Most patients with idiopathic intracranial hypertension (75 of 115 sinuses, 65%) had extrinsic stenosis, and most patients with pulsatile tinnitus (37 of 45 sinuses, 82%) had intrinsic stenosis. Marked optic nerve tortuosity was more common in idiopathic intracranial hypertension. Cephaloceles were rare in both cohorts, with an increased trend toward the presence in idiopathic intracranial hypertension. Empty sellas were more common in idiopathic intracranial hypertension. Cerebellar tonsils were similarly located at the foramen magnum level in both cohorts.

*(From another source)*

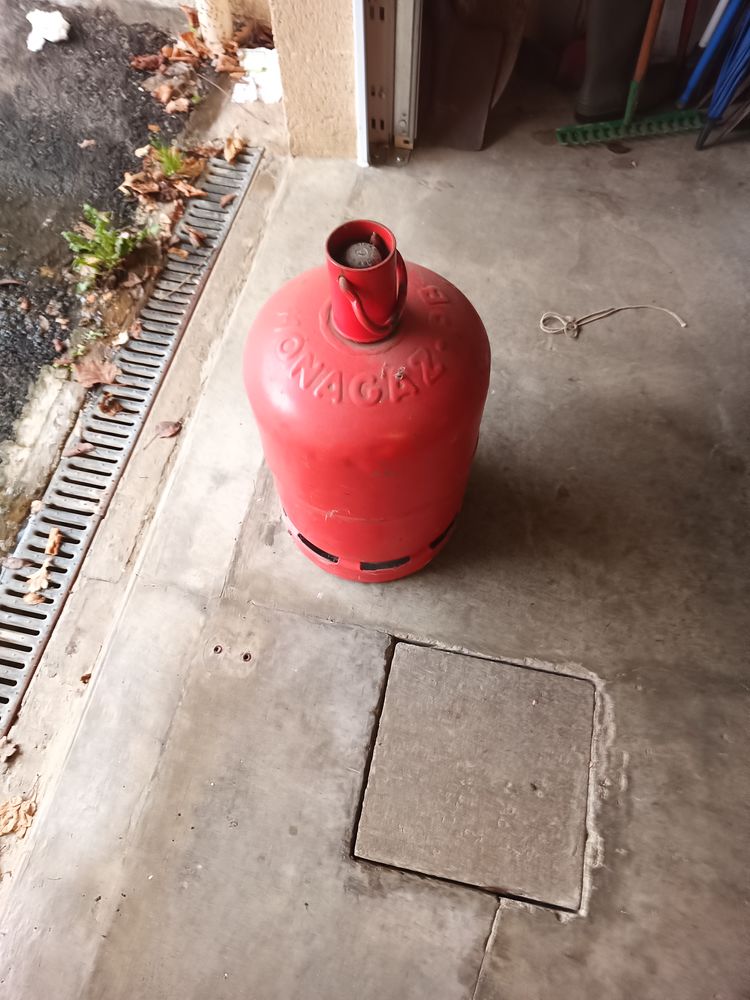 Bouteille de gaz rouge 20 Noyal-Ch�tillon-sur-Seiche (35)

Saccular venous aneurysms were more common in pulsatile tinnitus. Internal jugular bulb diverticula were similarly common in both cohorts.

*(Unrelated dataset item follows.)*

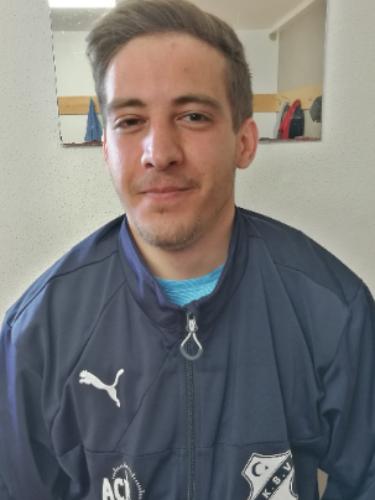 Efekan Kurt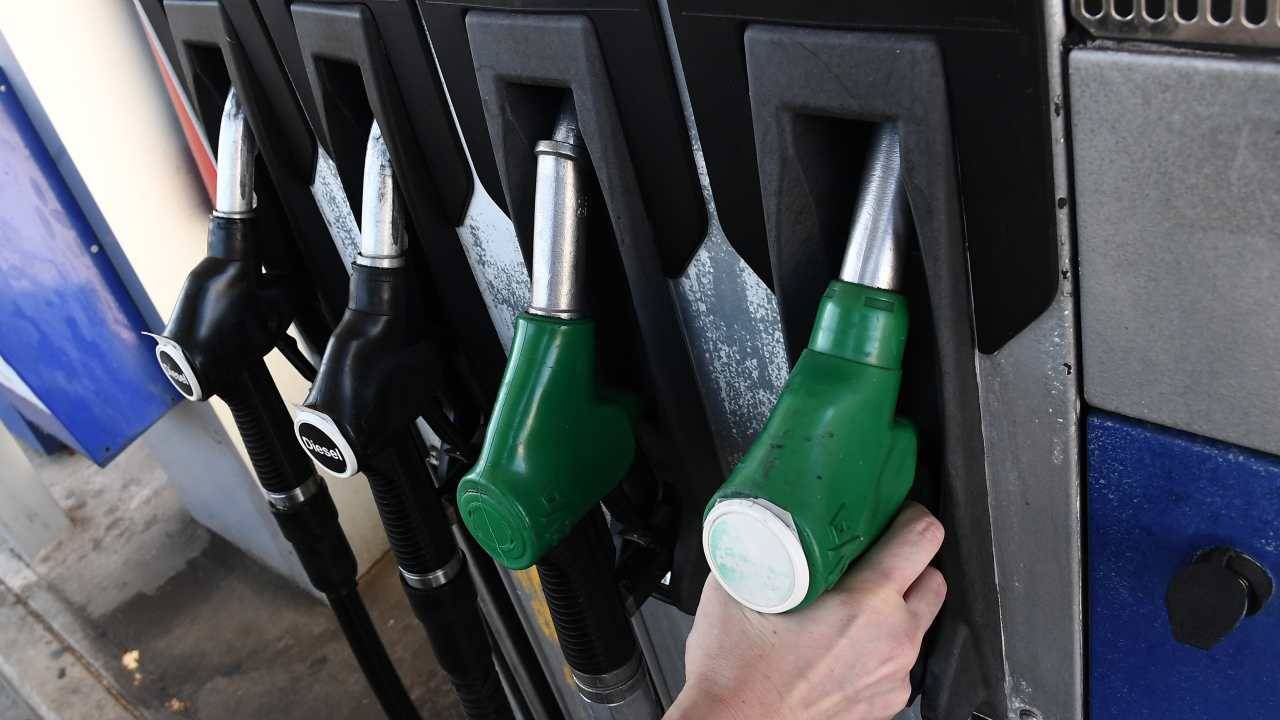 Rincaro carburanti: aumenta il prezzo della benzina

In this cohort, most patients with idiopathic intracranial hypertension had extrinsic stenosis, and most patients with pulsatile tinnitus had intrinsic stenosis. Awareness and reporting of these subtypes may reduce the underrecognition of potential contributory stenoses in a given patient's idiopathic intracranial hypertension or pulsatile tinnitus.
硬脑膜静脉窦狭窄与特发性颅内高压和孤立性静脉搏动性耳鸣有关。然而,将狭窄归类为内在或外在的效用仍不确定。本回顾性研究的目的是回顾有症状的特发性颅内高压和搏动性耳鸣患者的术前影像学表现,对狭窄进行分类,并评估狭窄类型与临床表现之间的趋势,同时回顾这些情况下常见的其他影像学表现的频率。

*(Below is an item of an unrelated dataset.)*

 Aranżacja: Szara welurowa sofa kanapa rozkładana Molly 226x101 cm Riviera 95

回顾了 115 例特发性颅内高压和 43 例搏动性耳鸣患者在静脉窦支架置入前的 MRV。记录的参数包括:固有或外在狭窄、明显的导静脉、视神经迂曲、颅裂、鞍底外观、狭窄后梭形扩张与囊状静脉动脉瘤、颈内静脉球憩室。对所有数据进行了 χ 交叉表统计并记录。
大多数特发性颅内高压患者(115 个窦中的 75 个,65%)有外在狭窄,大多数搏动性耳鸣患者(45 个窦中的 37 个,82%)有内在狭窄。明显的视神经迂曲在特发性颅内高压中更为常见。颅裂在两个队列中都很少见,在特发性颅内高压中呈增加趋势。空鞍在特发性颅内高压中更为常见。小脑扁桃体在两个队列中同样位于枕骨大孔水平。囊状静脉动脉瘤在搏动性耳鸣中更为常见。颈内静脉球憩室在两个队列中同样常见。
在本队列中,大多数特发性颅内高压患者有外在狭窄,大多数搏动性耳鸣患者有内在狭窄。对这些亚型的认识和报告可能会减少在特定患者的特发性颅内高压或搏动性耳鸣中潜在狭窄的漏诊。